§ **Exercise requirements**
Leave out the pictures and output exactly the lines below from the one with "Vibrant African Print Maxi Kaftan" down to the one with "VA license plate VCD9579", both of them included.

§ **The records**
....

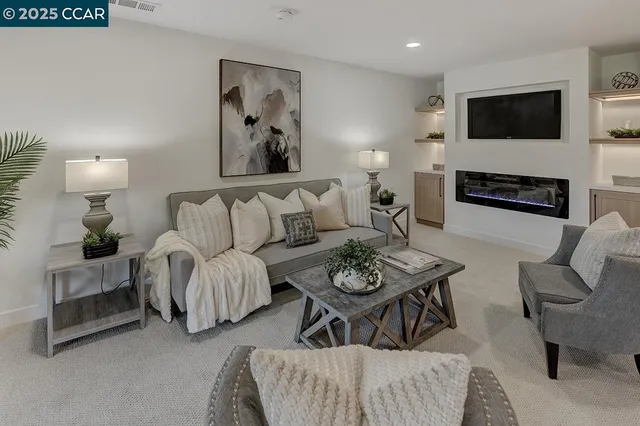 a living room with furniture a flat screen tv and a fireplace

....

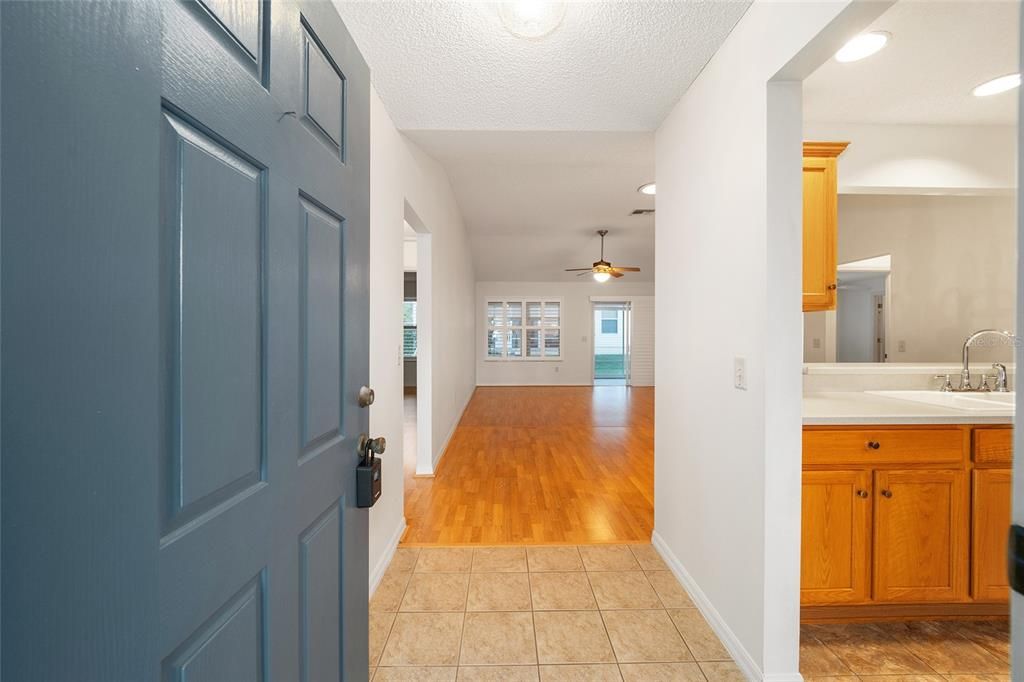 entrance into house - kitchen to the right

....

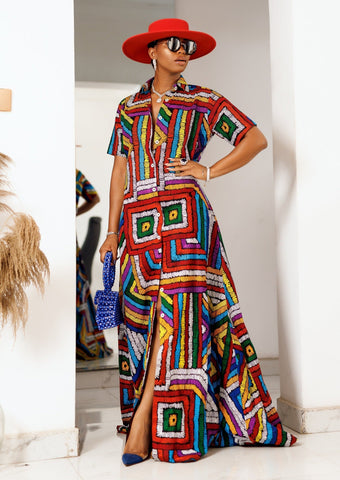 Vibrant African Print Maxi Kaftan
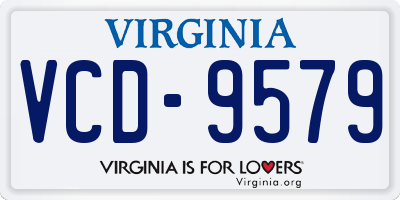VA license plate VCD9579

....

§ **Result for this exercise**
 Vibrant African Print Maxi Kaftan
VA license plate VCD9579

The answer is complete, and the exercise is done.